A 20% cut in energy costs can represent the same bottom line benefit as a 5% increase in sales

Management of energy is often neglected, even though there is considerable potential to save energy and reduce costs. Rising energy prices, climate change legislation and the need to be environmentally responsible all require effective energy management.

For many businesses a 20% cut in energy costs represents the same bottom line benefit as a 5% increase in sales. Furthermore, 25% of energy consumption can be saved with relatively little or no cost and no significant changes in practice.

Energy management is the use of technology to improve the energy performance of an organisation. To be fully effective it needs to be an integral part of an organisation’s wider management processes – and any corporate social responsibility (CSR) policy.

Energy audits have proven to be effective tools in helping managers understand and take control of the way their commercial facilities use energy. They are also valuable in determining the steps to make that use more efficient.

The key to the effectiveness of an energy audit is in the data it generates — in particular; how much is used, when, where and why is it used and what is using the energy. Before we can reduce energy use we must have accurate answers to these questions.

Copious amounts of data generated by a comprehensive energy audit will do nothing to reduce the energy use in a facility. Greater energy efficiency will only be achieved when managers or an energy management specialist collects, interprets and analyses the data and then uses this to formulate an action plan.

The action plan should identify energy reduction opportunities, implementation costs and the economic benefits to the organisation.

Energy Audits

Energy audits come in different levels of complexity. At Energy Gain UK our simplest is the EnMS1 audit. This audit focuses on those low cost and no cost measures that can be easily implemented, but provide an immediate energy reduction and cost saving.

The EnMS1 audit starts with an examination of at least one year’s worth of data on energy use and cost. Energy auditors review utility bills to identify costs and rate structures to identify where savings can be made.

The auditor then identifies operational and maintenance measures that can be implemented without the need for a significant capital investment.
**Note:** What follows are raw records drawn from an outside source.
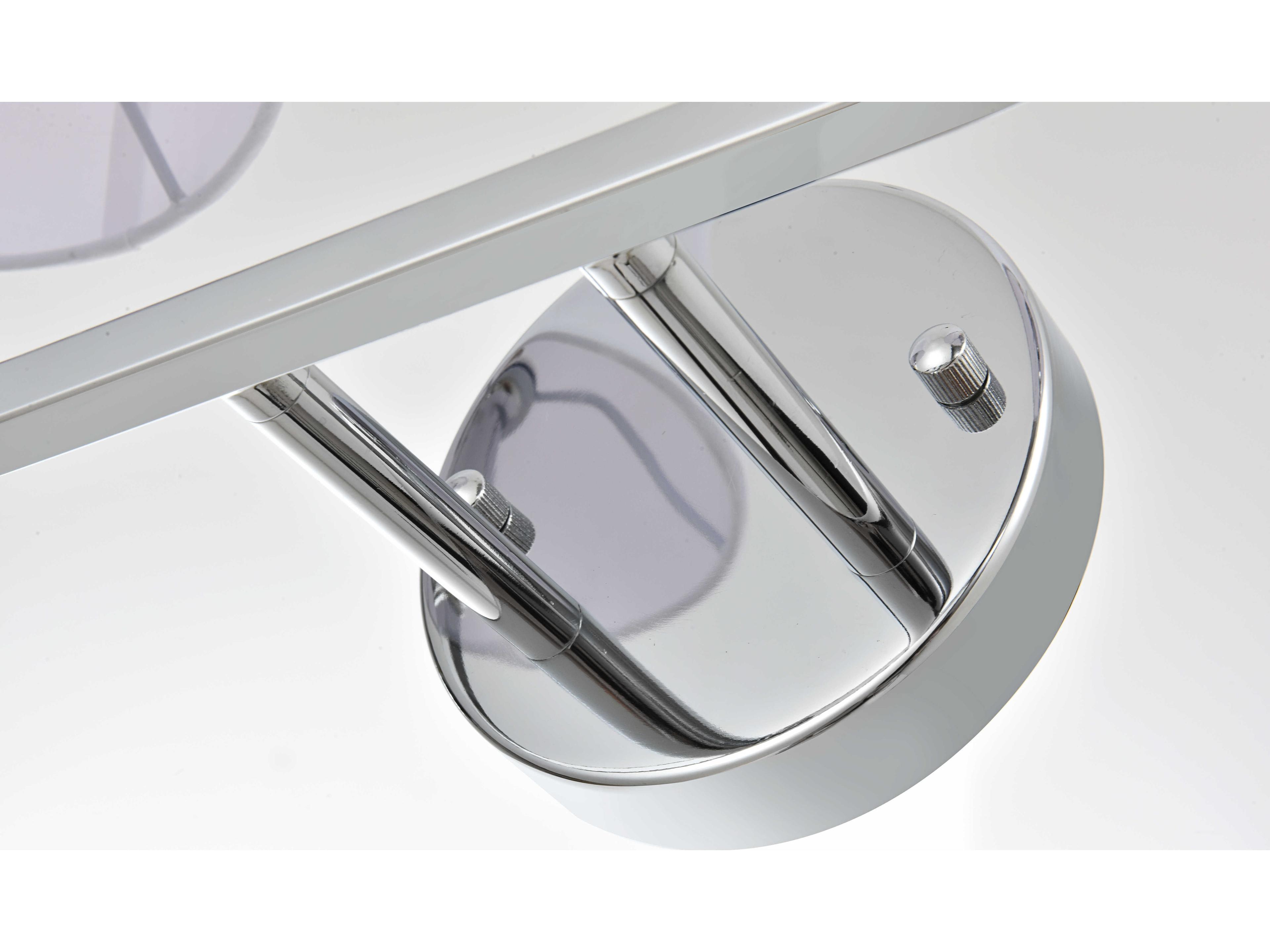 Elegant Lighting Colson 2-Light Chrome Glass Vanity Light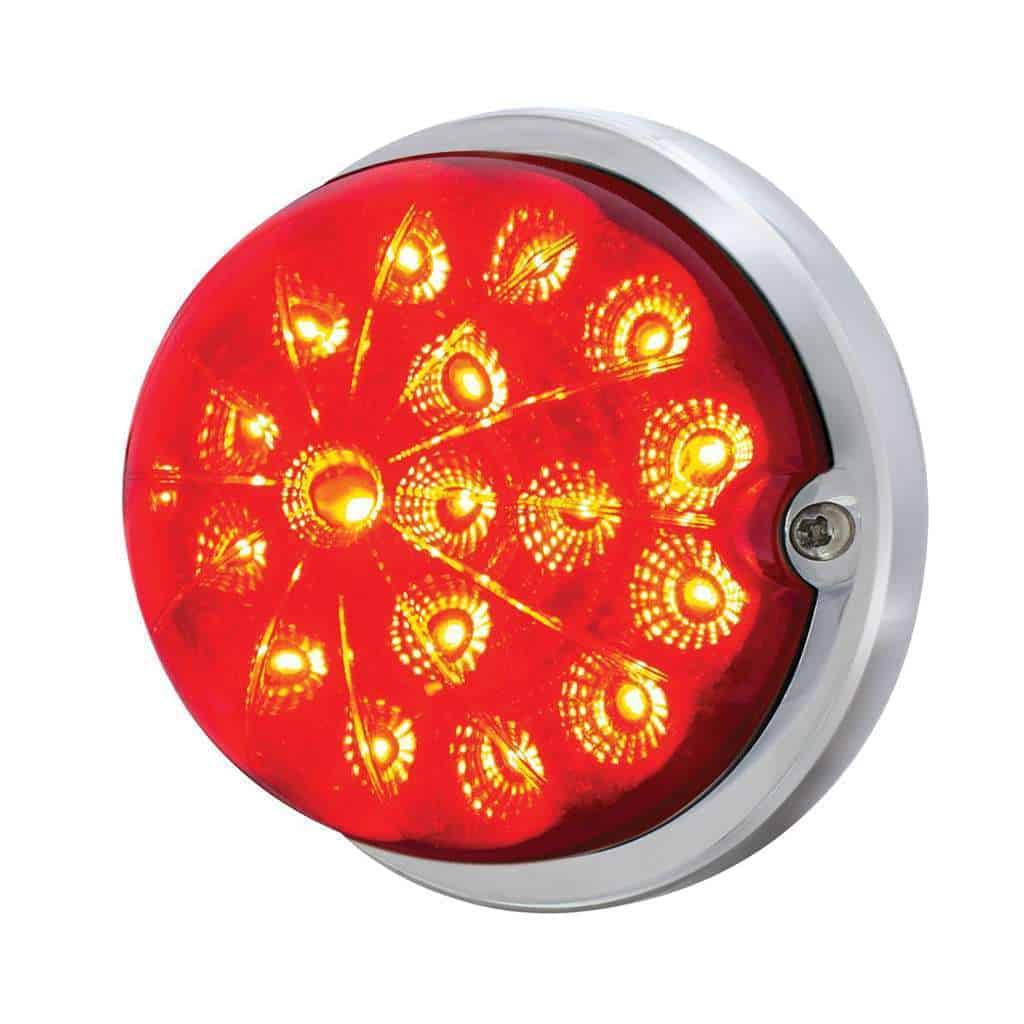 17 LED Dual Function Reflector Flush Mount Kit – Red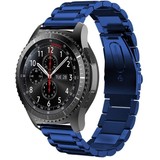 Strap-it® Samsung Galaxy Watch stalen band 46mm (blauw)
EnMS1 audits are a good starting point for any commercial facility, but are most useful in smaller facilities.

An EnMS2 audit expands on the data collected in the EnMS1. The energy auditor identifies the key energy-using systems and quantifies their energy use. The additional data gathered is used to identify additional energy reduction measures including modifications and upgrades to energy-using systems.

EnMS1 and EnMS2 tend to have the greatest benefit for small facilities, helping them to get the highest rate of return.

The EnMS3 audit provides a more detailed analysis of a facility’s energy usage which can involve sub-metering on energy-using systems.

The EnMS3 audits are best suited to more complex facilities which have a larger number of energy-using systems and have a strong need to reduce energy use.

Gathering energy use data is important, but it is only the first step in gaining control over energy usage. The data generated by an energy audit needs to be analysed and interpreted. For example, a year’s worth of data on energy use will tell managers the amount of energy used and when the facility used it. It does not tell managers the reason for its use or what can be done to control and minimize it.

Energy reduction specialists and managers can use benchmarking to help solve this issue. By identifying similar facilities — in terms of construction and operations — and comparing energy use in those facilities on the basis of use per square foot, energy benchmarking can be achieved.

If the target facility’s energy use is higher than that of the benchmark use, energy reduction specialists can look for reasons. Is equipment older and less efficient? Is energy being used when the facility is unoccupied, is equipment being used inefficiently? Benchmark data offers a good starting point in providing an idea of the potential savings that can be achieved.

Demand change is an area that energy reduction specialists will analyse. The data can also be used to identify trends and seasonal variations in energy loads. The energy reduction specialist will then investigate what is causing the trend and see if any of those loads can be moved to off-peak hours to reduce the electricity-demand charge.

In order to get the most out of an energy audit, energy reduction specialists or managers must extend the process beyond simply gathering and analysing data. The energy audit is an on-going process that requires consistent support.

Energy reduction specialists or managers must ensure that the database of energy use information is maintained and updated regularly. The process also must include recording changes the organisation makes to building occupancy and energy-using systems.

They also must monitor energy data to detect any unusual use rates and costs, for example equipment malfunction or building occupants leaving equipment on-line when it is not needed or even leaks occurring. Monitoring energy use and costs data regularly helps identify discrepancies that result from these unplanned situations.

Energy reduction specialists can use the data to train staff and building occupants in ways to improve the facility’s overall energy efficiency. When occupants and department staff understand the energy and financial consequences of their actions, they are more likely to become willing participants in the facility’s energy strategies.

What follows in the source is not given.